Ambalapuzha Paalpayasam (sweet milk stew or kheer), the main offering to the deity at Krishna Temple at Ambalapuzha commands the same or even more respect and adoration among the devotees. Paalpaayasam is a sweet porridge made out of milk that is offered to Krishna. The offering is made in the sacred kitchen of the deity by well-trained chefs. There is no other sweet delicacy anywhere in Kerala which can match the stature of Ambalappuzha Paalpaayasam.

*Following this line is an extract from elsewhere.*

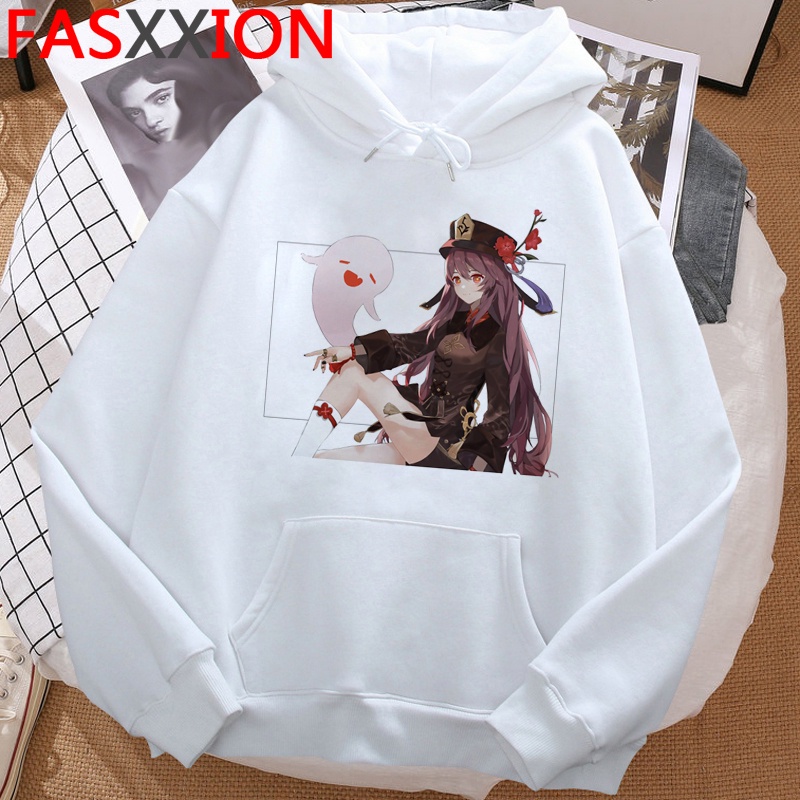 Áo Hoodie In Hình anime Genshin Impact  Painmon Hu Tao Xiao Ganyu game mẫu HOT độc đẹp giá rẻ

This is an offering that enlivened the hearts of poets. One of the popular film songs in Malayalam, “Ambalapuzha Paalpaayasam, Chundil Vidarmee Mandahaasam.. (the smile that blooms on your lips is as sweet as Ambalappuzha Paalpayasam..) sings the lover in praise of his lady love. A rare distinction for an offering to the God!
It was the Paalpayasam that made Ambalappuzha town and the temple famous. The Krishna temple in this small town is one of the seven Vaishnavite temples in Kerala. Vishnu appears in this temple in the form of Parthasarathi, the charioteer of Arjuna.
The temple is believed to have been built during the 15th – 17th CE by Pooradam Thirunal Devanarayanan Thampuran, ruler of the erstwhile Chembakassery kingdom. This shrine highlights Kerala style of architecture and is noted for its Chuttambalam (building constructed around the sanctum sanctorum) that is adorned with beautiful wall paintings.
Though there are temples in Kerala where Paalpaayasam is the main offering, no delicacy has influenced the people as Ambalappuzha Paalpayasam. The fact is that all efforts by many chefs over the last few centuries to replicate the Ambalappuzha Paalpayasam elsewhere have come a cropper. Mankombu Gopalakrishnan, the famous poet who hails from a nearby village says that the recipe of this Paalpayasam is known only to a few priests of the Lord Krishna Temple at Ambalappuzha. “We experience what is sweetness by tasting Ambalappuzha Paalpayasam. It has the sweetness of devotion, love, compassion and dedication. One may have to invent words to fully describe the uniqueness of this sweet delicacy,” said Gopalakrishnan.
It has large demand from devotees all over India. One can try his luck in getting this offering from the temple itself. There was an attempt by the CPI(M)-led Kerala Government to produce and market Ambalapuzha Paalpayasam as a commodity by manufacturing it in a major production centre. But the devotees of Lord Krishna fought the move tooth and nail and the Marxists had to back off. Ambalapuzha Paalpayasam is one of the invaluable cultural heritages of India.